# Mexican Senate Data

## Importing necessary libraries

In [1]:
# importing required modules
import requests
import pandas as pd
import seaborn as sns
from bs4 import BeautifulSoup
import numpy as np
from lxml import etree
import re
from selenium import webdriver
import time

## Senator Database, Exports to CSV in data folder.

### Importing senator table

In [2]:
def get_senators():
    senators_url = 'https://www.senado.gob.mx/65/datosAbiertos/senadoresDatosAb.json'
    senators_json = requests.get(senators_url).json()
    senators = pd.DataFrame.from_dict(senators_json)
    senators = senators.rename(columns={"idSenador": "senator_id"})
    return senators

In [3]:
senators = get_senators()

In [4]:
#Creating a field that includes first and last names to join with initiatives+proposals table.
senators["senadores"] = senators["Nombre"].str.strip()+" "+senators["Apellidos"].str.strip()

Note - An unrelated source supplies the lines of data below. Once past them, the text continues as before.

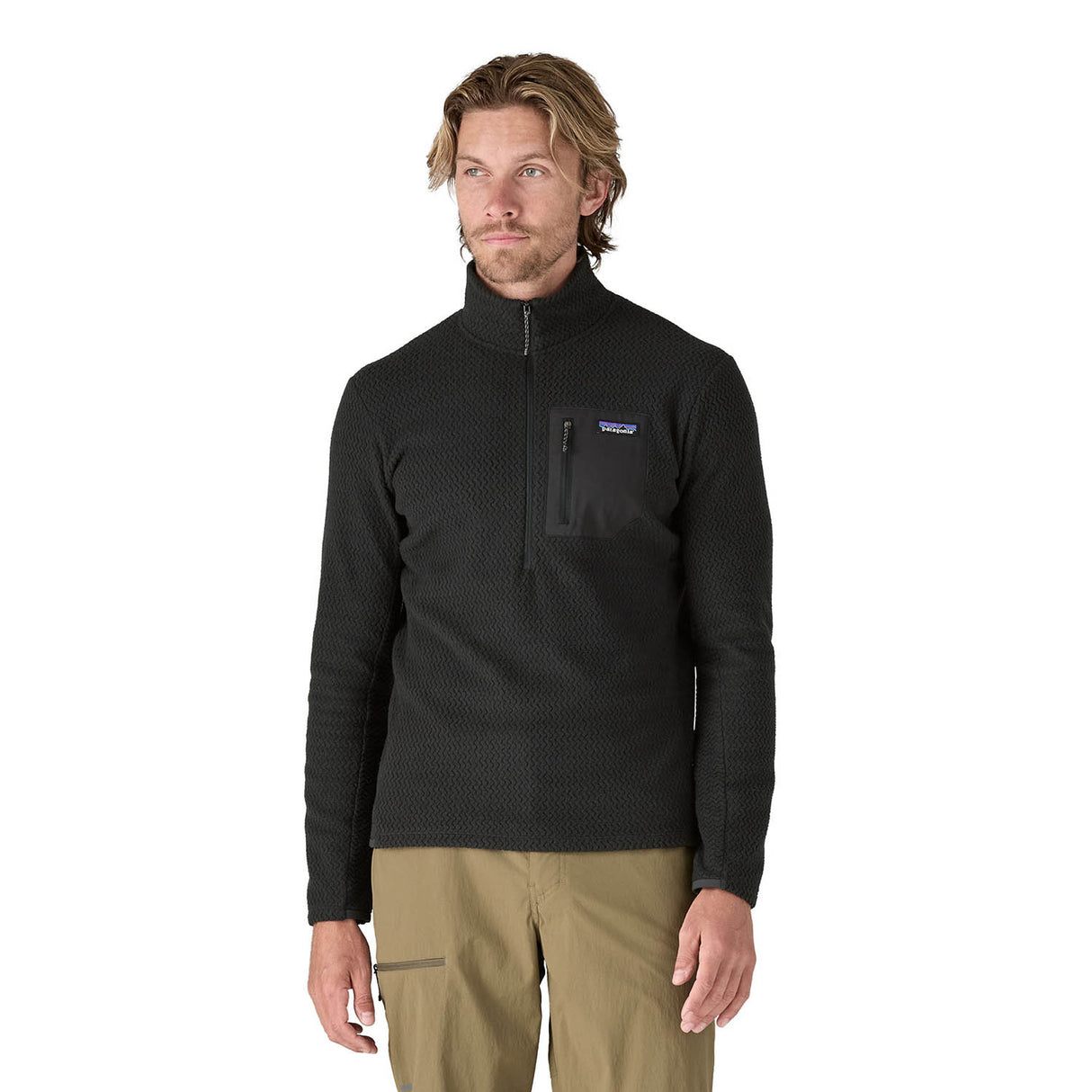 Mens R1 Air Zip Neck Fleece - Snowtrax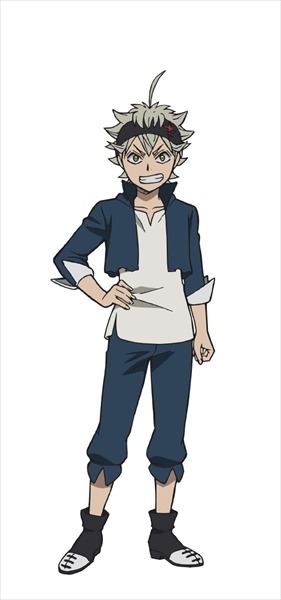 アスタ(C)田畠裕基／集英社・テレビ東京・ブラッククローバー製作委員会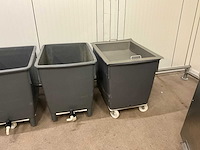 Pvc pekelbakken met aftapkraan (4x) - afbeelding 5 van  11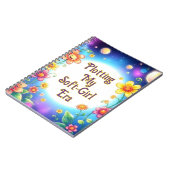 Carnet Tracer ma douce fille ère florale (Côté gauche)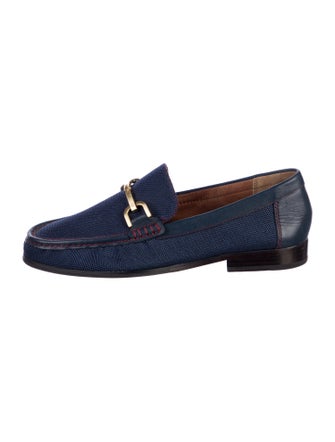 Donald Pliner Leather Dress Loafers
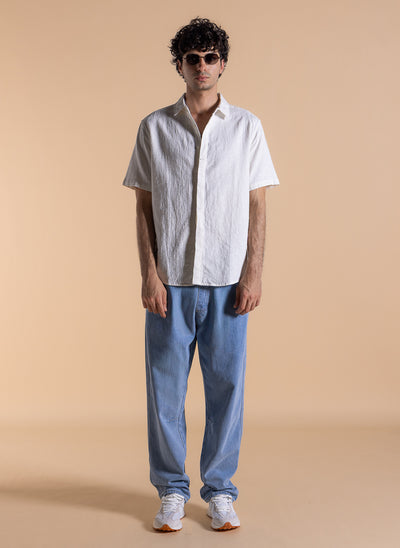 TEXTURED COMFORT SHIRT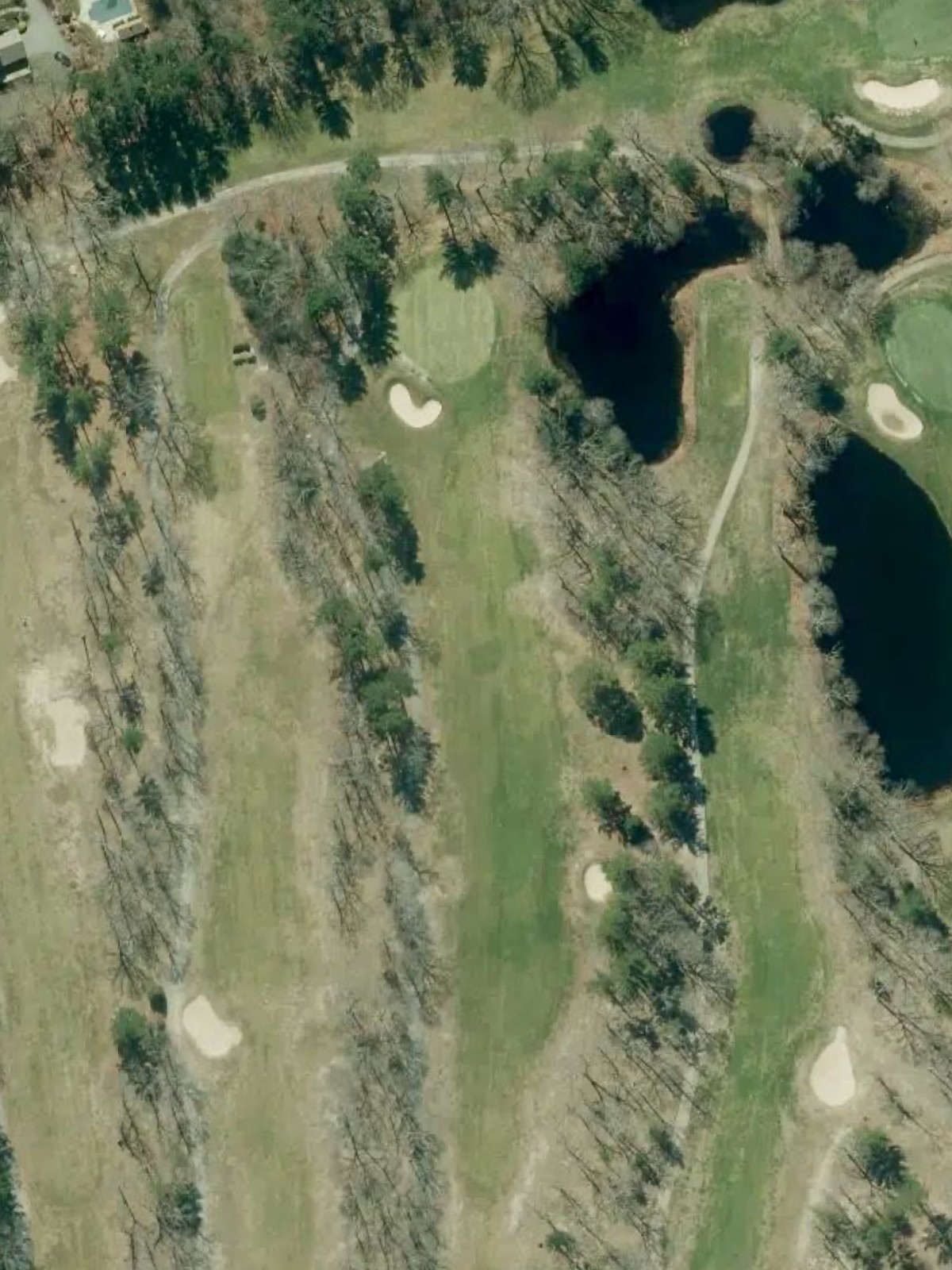 Hole 15 satellite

### Importing attendance data and adding to senator table

In [5]:
def get_senator_attendance():
    
    senators = get_senators()
    
    senator_ids = senators["senator_id"].tolist()
    
    senator_attendance = pd.DataFrame()
    senator_attendance["senator_id"] = ""
    senator_attendance["session_date"] = ""
    senator_attendance["attendance_record"] = ""

    counter = 0
    for sen in senator_ids:
        url = f'https://www.senado.gob.mx/65/asistencias/{sen}#info'
        html = requests.get(url)
        content = BeautifulSoup(html.text, 'html.parser')
        content_x = etree.HTML(str(content))
        dates = content_x.xpath('//*[@id="imPage"]/div[7]/div[2]/div/div[2]/section/div/div/table/tbody//a')
        att_records = content_x.xpath('//*[@id="imPage"]/div[7]/div[2]/div/div[2]/section/div/div/table/tbody//strong')
        for i in range(len(dates)):
            senator_attendance.at[i+counter, 'senator_id'] = sen
            senator_attendance.at[i+counter, 'session_date'] = dates[i].text
            senator_attendance.at[i+counter, 'attendance_record'] = att_records[i].text
        counter += len(dates)

    senator_attendance["attendance_score"] = senator_attendance["attendance_record"].copy()
    senator_attendance["attendance_score"] = senator_attendance["attendance_score"].map(lambda x: 1 if x == "Asistencia" else 0)
    senator_attendance = pd.merge(senator_attendance, senators[['senator_id','Fraccion', 'Estado', 'Apellidos', 'Nombre', 'tipoEleccion']], on='senator_id', how='left')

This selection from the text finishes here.